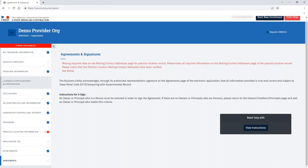Still, if you haven't addressed all deficiencies, the messages will update to confirm what deficiencies still have not been addressed prior to submission.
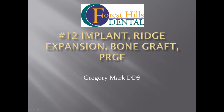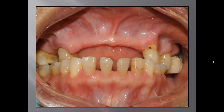Hi everyone, my name is Gregory. Today I would like to share with you one of the techniques I've been using in my office, step by step. This lady is in her mid-60s and has been wearing her upper partial denture for more than 30 years. She says she doesn't like her appearance and would like something done to improve her cosmetic outcome.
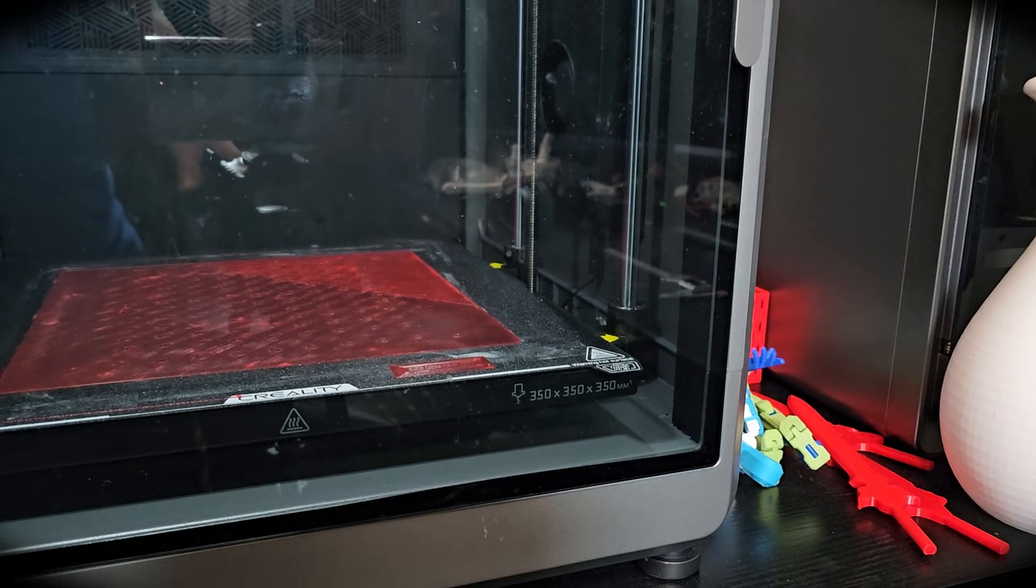But finding a clog for the K2 Plus on a seven-hour print—it was just starting to print, but then it got clogged. Let's go ahead and see what is causing the clog.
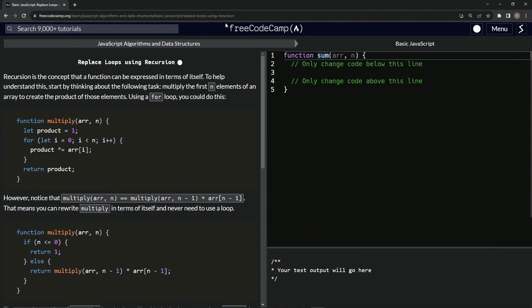All right. Now we're doing FreeCodeCamp JavaScript algorithms and data structures, basic JavaScript — replace loops using recursion. So this one's going to be incredibly difficult to understand. Literally, this is my 11th time recording this. It's been over an hour of material erased just to get this done.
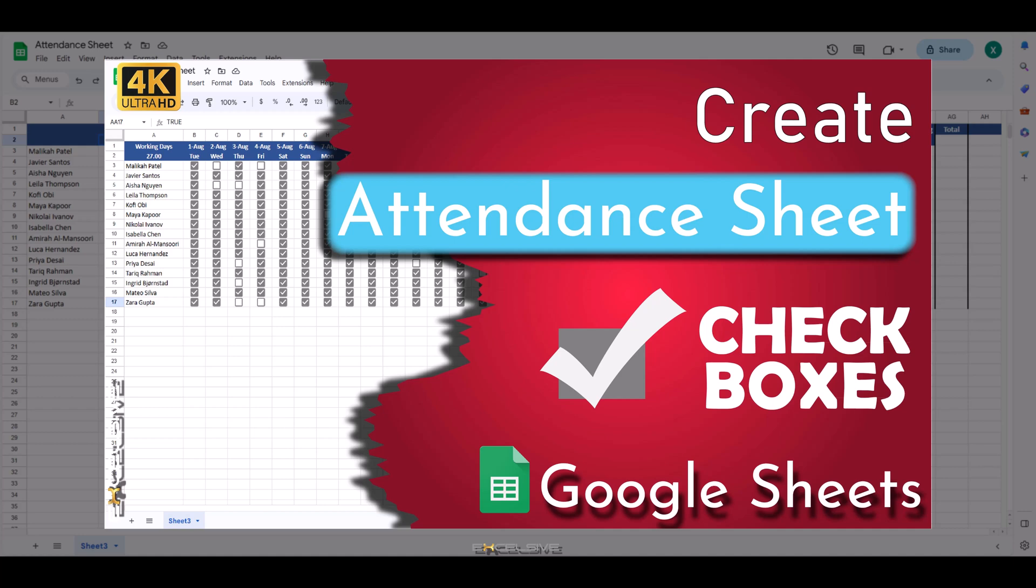Hello and welcome back to Excelsif. Today we are going to make an attendance sheet with checkboxes.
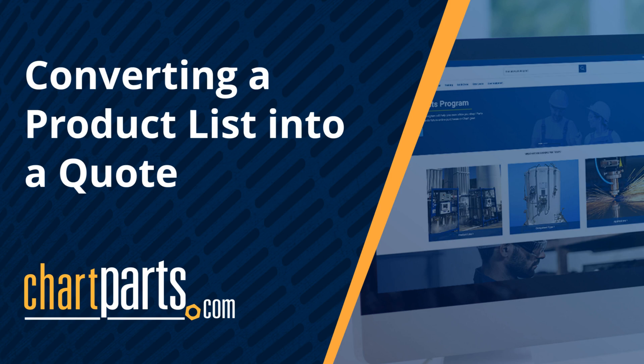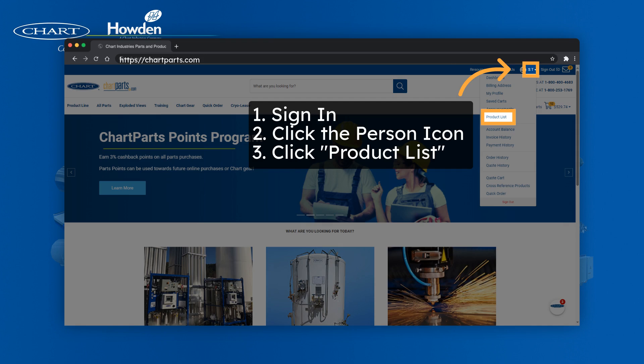Thanks for joining us on this video about converting a product list into a quote on chartparts.com. Navigate to chartparts.com, then click sign in, click the person icon, and then click the product list from the drop down below.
***
#### Work to be completed:
When you copy the records above, keep every word exact and drop the pictures.

#### Answer box:
Still, if you haven't addressed all deficiencies, the messages will update to confirm what deficiencies still have not been addressed prior to submission.
Hi everyone, my name is Gregory. Today I would like to share with you one of the techniques I've been using in my office, step by step. This lady is in her mid-60s and has been wearing her upper partial denture for more than 30 years. She says she doesn't like her appearance and would like something done to improve her cosmetic outcome.
But finding a clog for the K2 Plus on a seven-hour print—it was just starting to print, but then it got clogged. Let's go ahead and see what is causing the clog.
All right. Now we're doing FreeCodeCamp JavaScript algorithms and data structures, basic JavaScript — replace loops using recursion. So this one's going to be incredibly difficult to understand. Literally, this is my 11th time recording this. It's been over an hour of material erased just to get this done.
Hello and welcome back to Excelsif. Today we are going to make an attendance sheet with checkboxes.
Thanks for joining us on this video about converting a product list into a quote on chartparts.com. Navigate to chartparts.com, then click sign in, click the person icon, and then click the product list from the drop down below.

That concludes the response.